We may not have got everything we aspired in Bangladesh. There is no doubt that we have spread education. We have been able to increase the number of educational institutions, even the number of universities; private universities, and technical universities are no less. But the question remains as to how much quality education is being ensured. Different streams of education from the primary level are not allowing our new generation to stand on the same footing. As the children of wealthy families go ahead with a different kind of education, it is again a cause of the disparity. We will make the mother tongue the medium of education or introduce Bengali at all levels—this was our pledge. To what extent have we been able to take the concerted effort required to accomplish that? How much progress has been made in Bengali quality book writing and even translation at the higher education level?

Bangla Academy organises a book fair in the month of the language movement. The book fair has expanded over time and its fame has spread far and wide. On this occasion, various types of books including literature are also being published. But if you look at the quality, someone may be disappointed in many cases. Anarchy is also going on in the use of language. Subjective use of language on social media is also responsible for this. However, writing in Bengali online has increased a lot. The participation of young people is significant. We need translation and promotion of high-quality literature written in Bengali in widely used languages including English. The ‘symbol of the nation’s mind’ Bangla Academy should also come forward in this work. It should not be forgotten that the Bangla Academy is a direct creation of the language movement.

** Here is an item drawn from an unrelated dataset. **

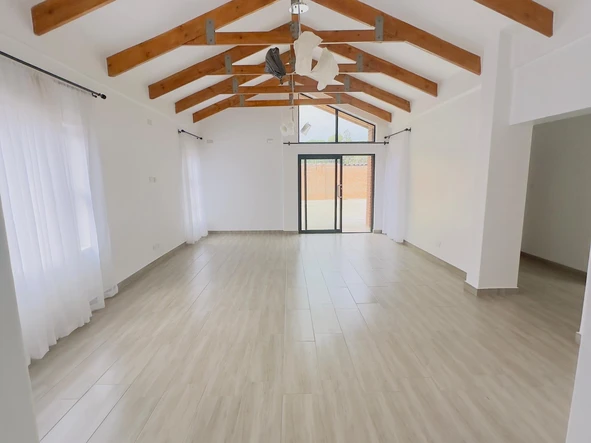 3 Bedroom Flat & Apartment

The fact that 21 February is now declared by UNESCO as ‘International Mother Language Day’ is an honour for us. To protect the dignity of such recognition, we must again pay attention to protecting the spoken language of small ethnic groups in our country. Arrangements should be made so that their children receive education in their mother tongue and at the same time join the mainstream of development. As the language movement has made us proud, it has also made us responsible for certain tasks, which cannot be avoided. We cannot glorify our own language and country if we fail to advance in education, and culture and become better human resources. In this case, steps should be taken to eliminate discrimination to ensure equality of opportunity.

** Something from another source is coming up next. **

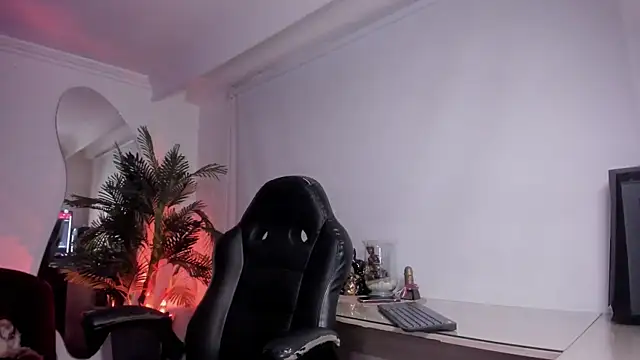 Meghan320 online show from 01-14-26, 11:36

In addition to working for economic liberation in this country, political and cultural development must be ensured. During the Pakistan era, we rejected the cultural divide and advanced by fostering the democratic spirit, which should not be avoided. We must move forward on the path of unity, not division. We need to nurture progressiveness. In the changing global situation, it is difficult to move forward in a different way between the backward elements in each country. There is no option to proceed in this way. Regarding our non-communal spirit and democratic culture, opportunism and compromise cannot be tolerated. It will cause great disaster in national life. As a result of this, one day it may be seen that even if we can move forward economically, politically and culturally we have fallen far behind. At the core of this fight is education. Therefore, the basis of unity rather than division should be strengthened in the field of education. Unfortunately, despite this progress, state-funded written and printed textbooks are facing unexpected controversies. The power of division is also getting an opportunity to appear with a statement. The supporters of the liberation war should be careful about these things.

February, the commemorative month of the language movement, should also bring us an opportunity for introspection. Let’s not get bogged down in the euphoric talk of great achievements that have not yet been achieved or are in danger of being undermined.